Entscheidungsstichwort (Thema)
Feststellungsklage, Rechtsschutzbedürfnis
Leitsatz (NV)
- Für eine Klage auf Feststellung der Nichtigkeit von Veräußerungsmitteilungen und Unbedenklichkeitsbescheinigungen fehlt das Rechtsschutzbedürfnis, weil diese keine Ansprüche und Rechte steuerrechtlicher oder zivilrechtlicher Art begründen.
- Hat das Gericht ein Prozessurteil und kein Sachurteil erlassen, können Verfahrensverstöße, die das materielle Recht betreffen, nicht schlüssig gerügt werden.
- Die Rüge unrichtiger Darstellung des Sachvortrags im Tatbestand des angefochtenen Urteils begründet keinen Verfahrensverstoß i.S. des § 115 Abs. 2 Nr. 3 FGO, sondern ist durch Antrag auf Tatbestandsberichtigung (§ 108 FGO) geltend zu machen.
Normenkette
FGO §§ 108, 115 Abs. 2 Nr. 3
Nachgehend
Tatbestand
I. Das Finanzgericht (FG) hat die Klage der Kläger und Beschwerdeführer (Kläger) auf Feststellung der Nichtigkeit einer Reihe von Veräußerungsmitteilungen und Unbedenklichkeitsbescheinigungen, die der Beklagte und Beschwerdegegner (das Finanzamt ―FA―) im Zusammenhang mit Veräußerungsvorgängen betreffend die Grundstücke 1 und 2 in X in der Zeit von 1984 bis 1994 erteilt hat, als unzulässig abgewiesen, weil es sich bei den Veräußerungsmitteilungen nicht um Verwaltungsakte handele, und es für die Nichtigkeitsfeststellungsklage gegen die Unbedenklichkeitsbescheinigungen an einem berechtigten Feststellungsinteresse der Kläger i.S. des § 41 Abs. 2 der Finanzgerichtsordnung (FGO) fehle.

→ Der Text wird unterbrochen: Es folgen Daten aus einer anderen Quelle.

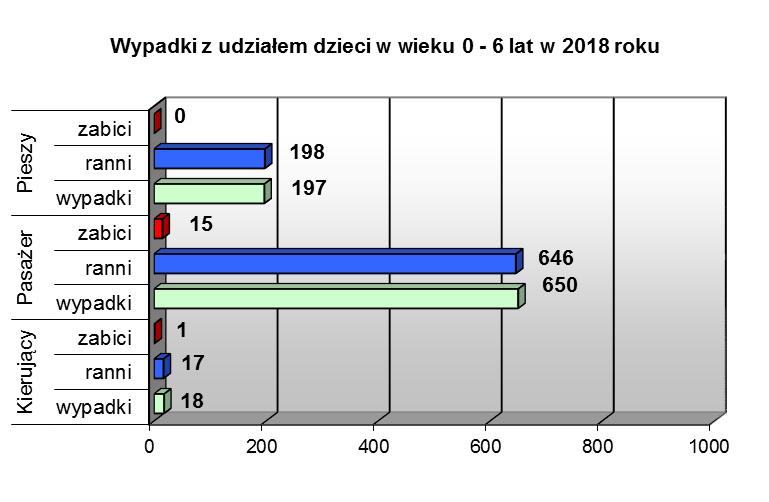 Wypadki z udziałem dzieci 0-6 lat w latach 2017-2018 Wypadki* Zabici Ranni 2017 2018 2017 2018 2017 2018 kierujący 21 18 1 1 19 17 pasażer 715 650 12 15 798 646 pieszy 209 197 6 0 201 198 Ogółem 945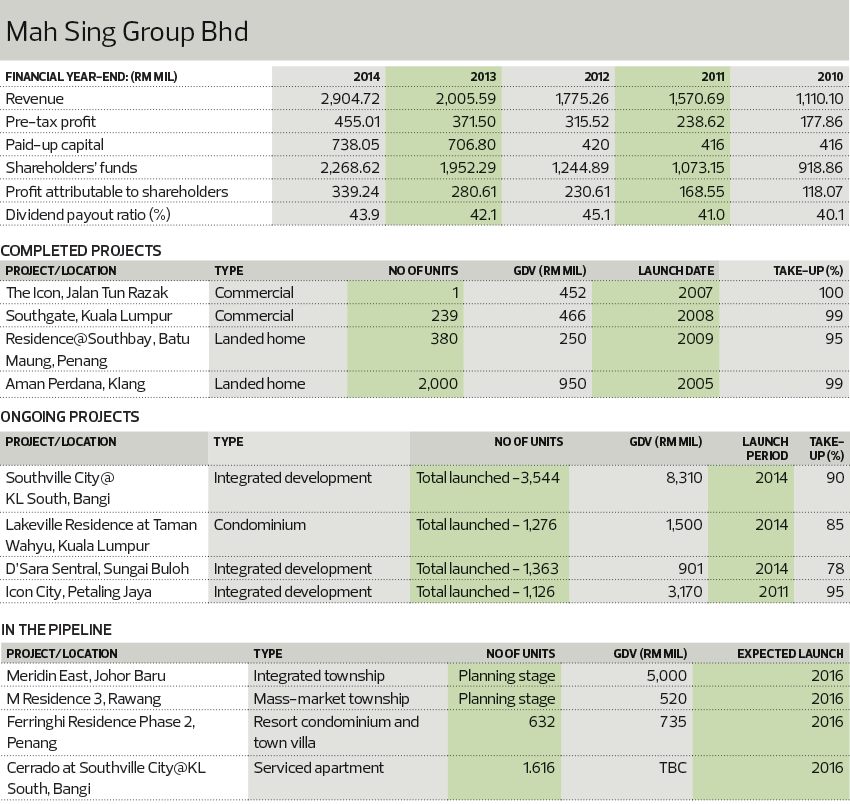 Chris Leong Price List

Gegen dieses Urteil wenden sich die Kläger mit der Beschwerde wegen Nichtzulassung der Revision, mit der sie eine Reihe von Verfahrensfehlern rügen und eine Divergenz behaupten (§ 115 Abs. 2 Nrn. 2 und 3 FGO).
Entscheidungsgründe
II. Die Beschwerde hat keinen Erfolg.
Unbeschadet dessen, dass die Bezeichnung der gerügten Verfahrensmängel überwiegend den nach § 115 Abs. 3 Satz 3 FGO an die Darlegung dieser Mängel zu stellenden Anforderungen nicht genügt, beruht die angefochtene Entscheidung des FG auch nicht auf den von der Beschwerdeschrift hervorgehobenen Verfahrensfehlern.

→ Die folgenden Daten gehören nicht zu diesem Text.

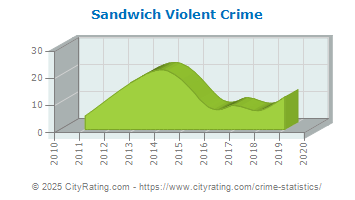 Sandwich Violent Crime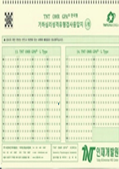 GPA 문항검사 프로파일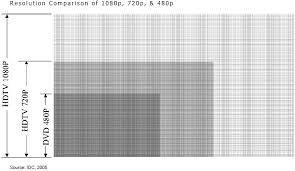 witorrent show 1080p image 1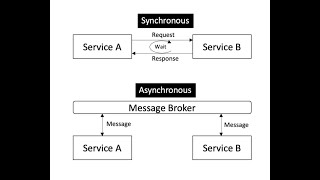 Microservice communication  Synchronous [upl. by Louise]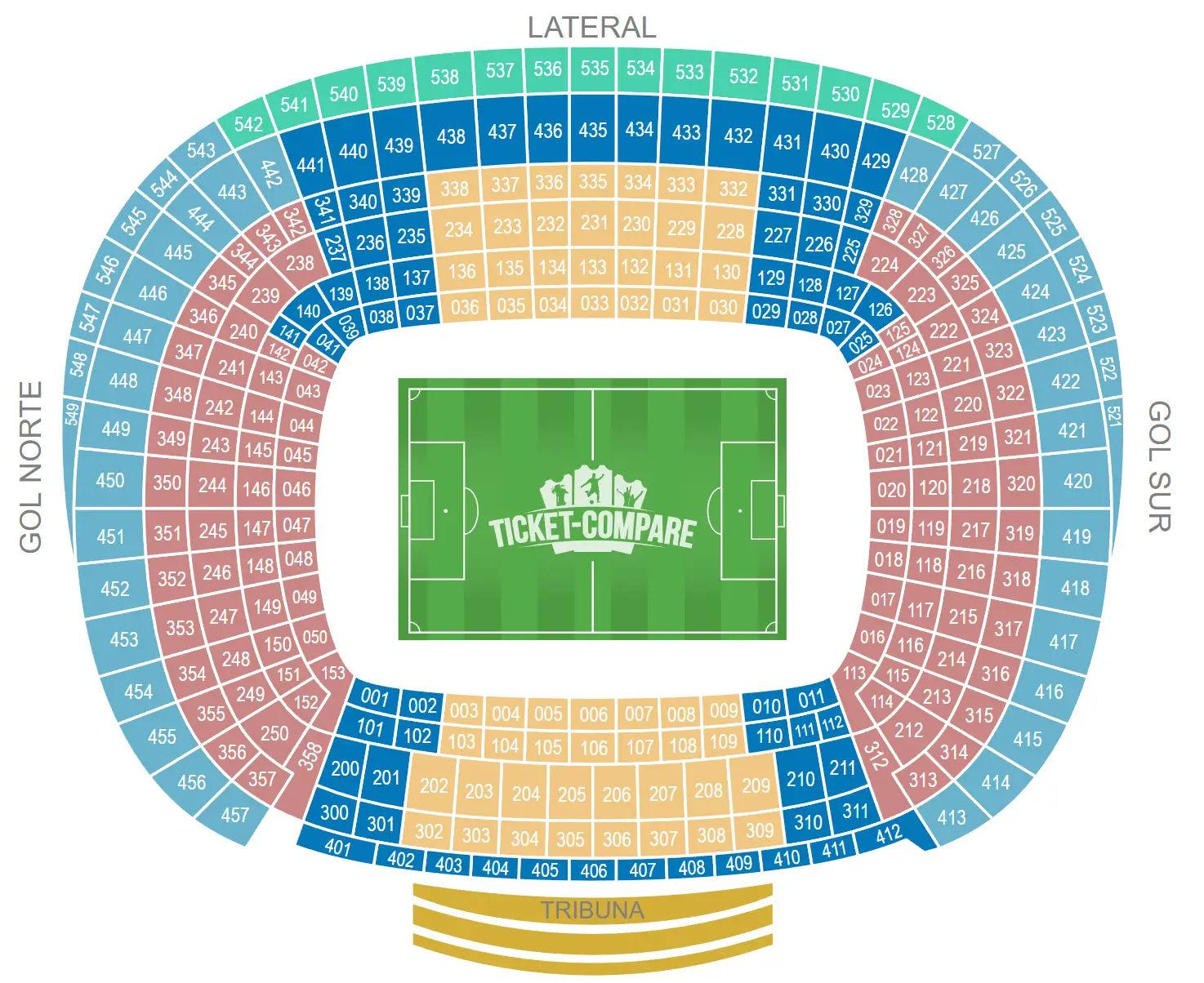 Camp Nou Siddeplan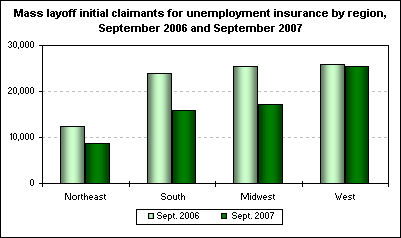 Mass layoff initial claimants for unemployment insurance by region, September 2006 and September 2007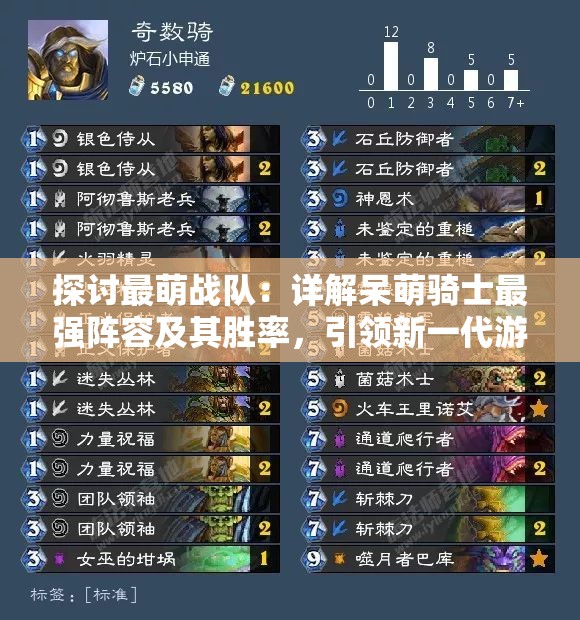 探讨最萌战队：详解呆萌骑士最强阵容及其胜率，引领新一代游戏竞技风潮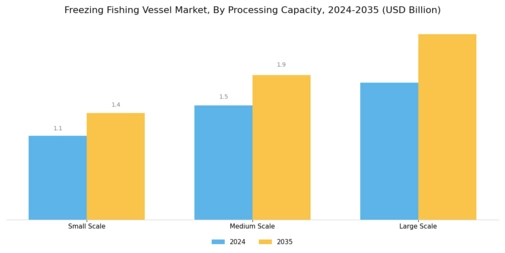 Freezing Fishing Vessel Market Segment Image 1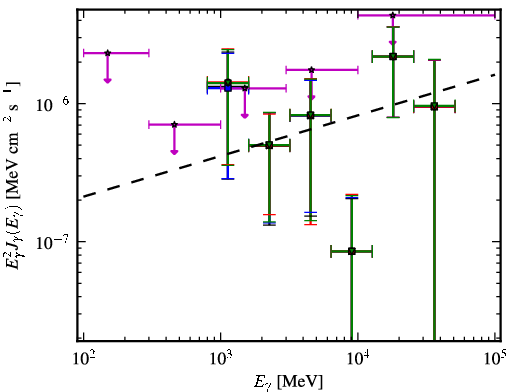 Spectra for 1FGL_J2246.3+1549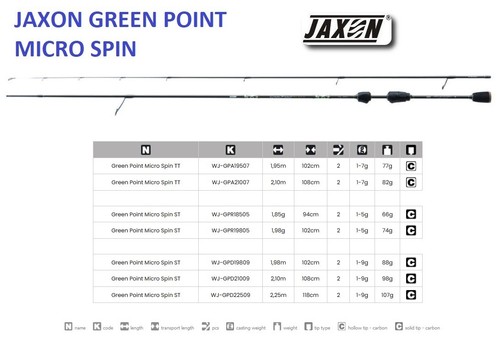 Jaxon green point microspin - jaxon,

1. Soweit die Beschwerde geltend macht, ein Verfahrensfehler liege darin, dass das FG zu Unrecht ein Prozessurteil statt eines Sachurteils erlassen habe, fehlt es an der substantiierten Bezeichnung der Tatsachen, aus denen sich dieser Verfahrensmangel ergeben soll. Erforderlich wäre eine substantiierte Auseinandersetzung mit den die Entscheidung des FG tragenden Gesichtspunkten, dass die Kläger weder ein Rechtsschutzbedürfnis noch ein Feststellungsinteresse geltend machen können. Die allgemein gehaltene Behauptung, das FG hätte nicht durch Prozessurteil entscheiden dürfen und die überaus ausführliche Darstellung des zivilrechtlichen Sachverhalts sind nicht geeignet, den geltend gemachten Verfahrensfehler schlüssig zu begründen (§ 115 Abs. 3 Satz 3 i.V.m. § 120 Abs. 2 Satz 2 FGO).

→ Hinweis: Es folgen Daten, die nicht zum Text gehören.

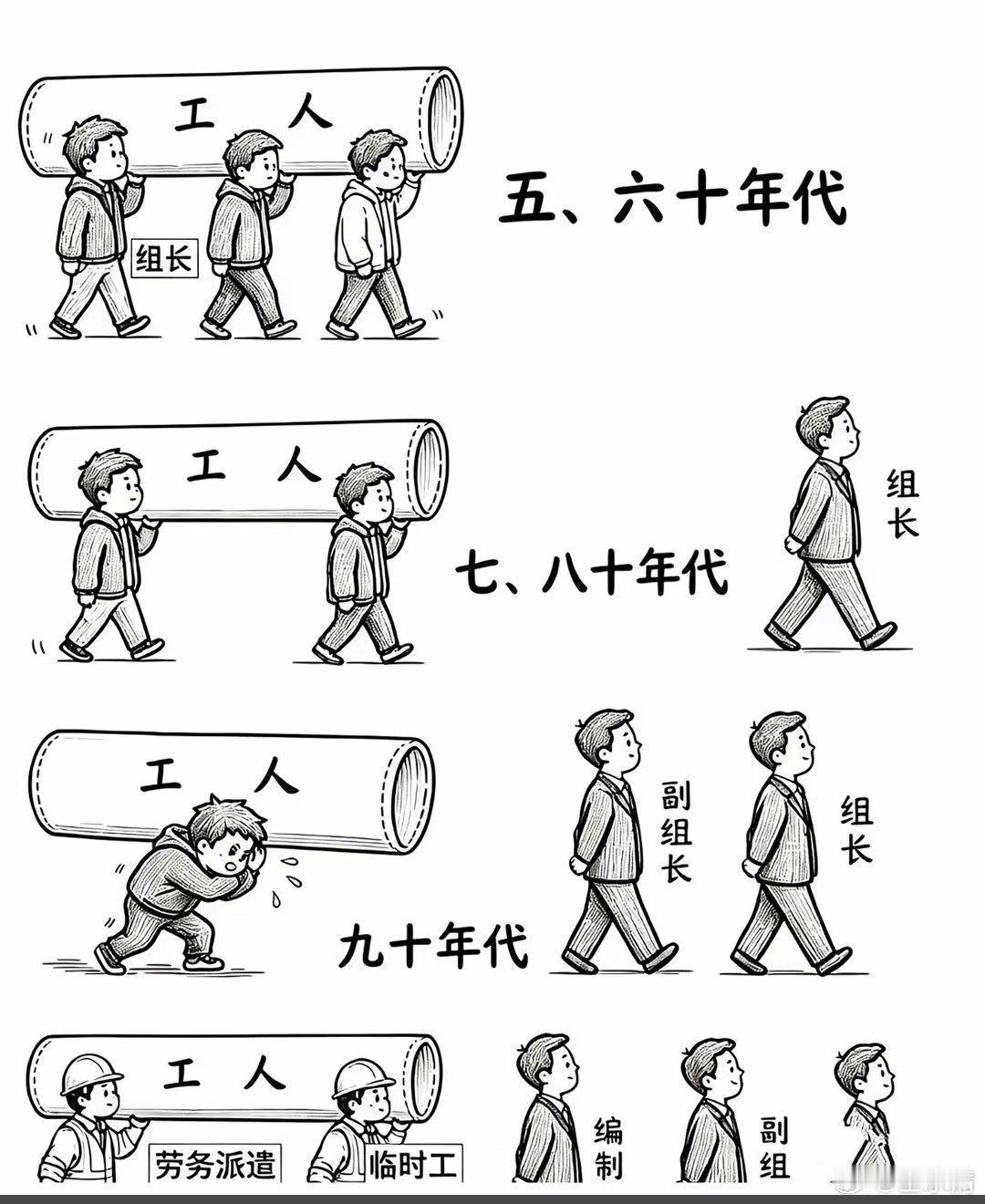 国营企业到国有企业的转变​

Nachdem das FG die Klage (auch) wegen fehlenden Rechtsschutzinteresses abgewiesen hat, hätte die Beschwerde, ausgehend von der Rechtsauffassung des FG, dass weder die Veräußerungsmitteilungen, noch die Unbedenklichkeitsbescheinigungen Ansprüche oder Rechte des Steuerpflichtigen in steuerrechtlicher oder zivilrechtlicher Art begründen und die Feststellung der Nichtigkeit der Unbedenklichkeitsbescheinigungen weder die aufgrund der Vorlage der Unbedenklichkeitsbescheinigungen bereits erfolgten Eintragungen der Grundstückserwerber in das Grundbuch (vgl. § 22 Abs. 1 des Grunderwerbsteuergesetzes), noch die Festsetzung der Grunderwerbsteuer beeinflussen könnte (vgl. dazu Urteil des Bundesfinanzhofs ―BFH― vom 12. Juli 1972 II R 168/70, BFHE 106, 277, unter II. 3. a, und BFH-Beschluss vom 12. Juni 1995 II S 9/95, BFHE 177, 347, BStBl II 1995, 605, 608, m.w.N.), zumindest dartun müssen, dass und aus welchen Gründen dennoch der Anspruch der Kläger auf effektiven Rechtsschutz verkürzt ist (vgl. dazu BFH-Urteil vom 27. Oktober 1970 VII R 42/68, BFHE 100, 288, BStBl II 1970, 873, 874 zu § 41 FGO).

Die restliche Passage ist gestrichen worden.